We do this because we have just about no one, and I mean no one, in our lives who are actively supportive of us. My family has made fun of my every decision. My mother would tear me down every day about whatever thing I wanted to do, and especially when I changed my major from computers to the arts. "He'll always live with his mother," is something she said often. It tore me apart inside and she never knew it. That part was my fault, but perhaps my own mother should have helped me with my decisions instead of slamming me when she could.

Judi's parents are even worse, though. They not only don't support her, they actively tell her that she's making the wrong choices and decisions. They mock her as being a child and worthless. They are actively negative where my family is more passive (and, in general, much less serious.) She has had to deal with much more than I have with emotional abuse. I've only really recognized this in the last year or so, and only very recently have I put a lot of effort into showing her my support.

I say that this is important because I see, all too much, couples who don't actively support each other. I'm not saying that your support should be blind. If there is an issue with health of you, your partner, or the people around you, that should be a worry. If your partner wants to make a change and you think it's a bad change simply because you don't like it, remember that you not liking it is just as good as them liking it. If you support a decision, some good will come from it eventually. If one of you is right, recognize it.

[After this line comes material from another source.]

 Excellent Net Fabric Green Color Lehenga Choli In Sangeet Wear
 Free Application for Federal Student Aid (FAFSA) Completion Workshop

That's really the thing that hits hard here. It's an idea you should carry everywhere: say when you're right, but also when you're wrong. If you and your partner can be honest with each other this way, your relationship will be really strong. If you treat everyone like this, then you'll probably be a bit happier in life. Everyone makes mistakes, everyone misjudges, and everyone makes something feel more important than it really is.

If you find yourself disagreeing, chances are that you're a jerk. If you're happy being a jerk, then fine. Just don't expect anyone else being happy with you.